I know what it costs to be on the receiving end of a partisan federal prosecution. I know what it costs in dollars: millions. And I know what it costs in the harder currencies — reputation, career, family life, trauma. President Trump’s proposal for a $1.776 billion legal fund to reimburse Americans who were targeted by a politicized Justice Department isn’t a partisan gesture. It’s a recognition of something I and thousands of others have lived through. It’s also a measure of reform for government agencies infested with corruption and weaponized ideology.
President Trump understands this better than anyone. The FBI raided his home. He faced down 88 baseless criminal charges. His tax records were leaked to the press. And he watched the weaponization of the DOJ against American citizens.
President Trump is owed restitution for the unlawful leak of his tax records. But instead of taking a settlement for himself, he wants those funds to be used to make whole other victims of injustice.
For victims of political prosecution, the process is the punishment, and the DOJ knows this. No one can stand up to the near-limitless resources of the U.S. government. Imagine the immense harm done to a small business owner, a parent framed as a domestic terrorist, or a jailed pro-life grandmother. This legal fund will begin to give them some justice and enable Americans to fight DOJ weaponization.

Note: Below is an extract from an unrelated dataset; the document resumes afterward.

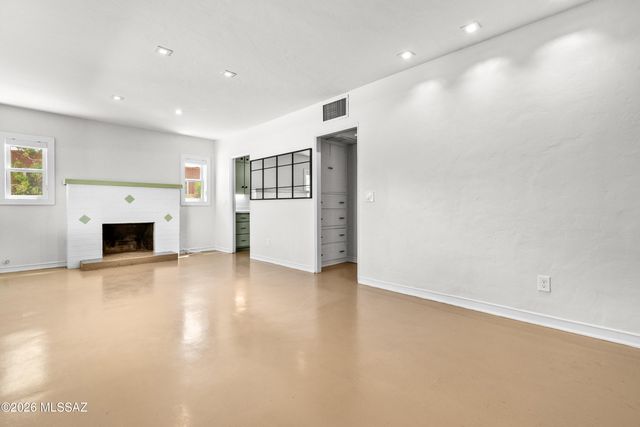 1610 E Hampton Street, Tucson, AZ 85719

President Trump called my case a baseless “witch hunt.” The government manufactured a case against me and let the real criminals walk free. The prosecutor in my case donated to a group called “Stop Republicans” and buried that donation from scrutiny within the ActBlue front site. He was aided by FBI and IRS agents who targeted me and lied to me. They wanted a trophy, so they picked a conservative Republican congressman from Nebraska who supported President Trump. This is not law enforcement. It’s weaponization. This is the kind of wrong that the legal fund is designed to right.
A $1.776 billion legal fund — the number echoing the year Americans threw off a regime that used its courts to prosecute pretended offenses — does several things at once. It acknowledges and repairs harm done to Americans. It puts consequence-free prosecutorial abuse on notice. And it provides resources for people who have no real way to fight back against the most powerful litigation operation on Earth.
This fund is not unprecedented, although it’s probably the first time a government official has put a settlement due to his family at the service of the American people. President Obama established a settlement fund. And President Biden’s DOJ compensated supporters for what they termed injustices committed against them.
Establishment critics are smearing this as a payoff to political allies of the president. But remember, the United States Senate recently voted itself access to $500,000 for members secretly surveilled by the government. American citizens deserve at least the same consideration as the senators who represent them. More consideration, in fact.
The fund could reimburse Americans whose prosecutions were brought in bad faith, dropped, reversed, or pursued in ways that violated the equal application of the law. If a Democrat official was railroaded by a Republican prosecutor on flimsy grounds, the fund should make that person whole, too. I am pleased that Acting Attorney General Todd Blanche said as much during his recent testimony before Congress.
I lost years I can’t get back. I can’t un-resign from Congress. I can’t un-spend the legal fees. I can’t make the trauma inflicted on my family a fiction. The same goes for anyone similarly targeted. No fund repairs that.
But a fund of this scale, backed by President Trump, says something the American system has needed to say for a long time: Neither the people who run the machinery of federal prosecution nor federal judges are above the citizens they prosecute; and when they cross the line, the country owes a debt to the people they injure.
I hope every American who has watched a neighbor, a colleague, or a stranger ground up by a wrongful prosecution understands what is actually being offered here — not a partisan favor, but the first serious attempt in a generation to put a price tag on what the weaponization of justice has cost real people.
The bill came due a long time ago. It is time to pay it.
Jeff Fortenberry was elected to the United States House of Representatives for nine terms. He served Nebraska’s 1st Congressional District and rose to a senior level on the House Appropriations Committee, with a distinguished record in foreign policy, food policy, and health care policy.